Task brief - For this exercise, retype all the data exactly and exclude every image.

Material provided -
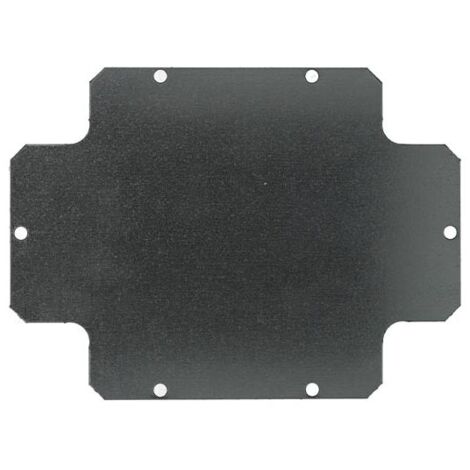 Plaque de montage métal 250x200mm pour boite de dérivation CP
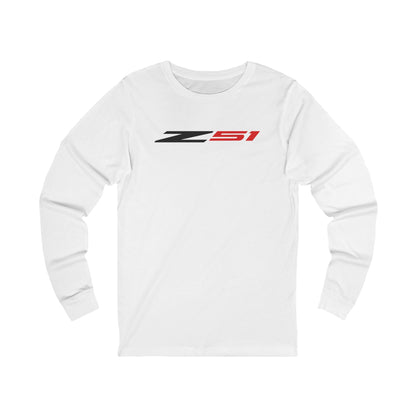 Unisex Corvette Z51 Long Sleeve Tee, Graphic T-Shirt, Gift for Him, Gift for Her, Bella+Canvas, Soft Shirt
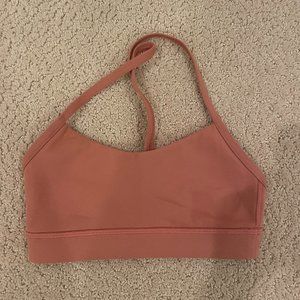 Lululemon - Size 2 - Flow Y Nulu Bra - Coral color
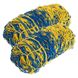 Сітка на ворота футбольні FDSO тренувальна безвузлова Євро Еліт SO-2325 Синьо-жовтий (57508365) 2824457 фото 1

Answer space -
 Plaque de montage métal 250x200mm pour boite de dérivation CP
 Unisex Corvette Z51 Long Sleeve Tee, Graphic T-Shirt, Gift for Him, Gift for Her, Bella+Canvas, Soft Shirt
 Lululemon - Size 2 - Flow Y Nulu Bra - Coral color
 Сітка на ворота футбольні FDSO тренувальна безвузлова Євро Еліт SO-2325 Синьо-жовтий (57508365) 2824457 фото 1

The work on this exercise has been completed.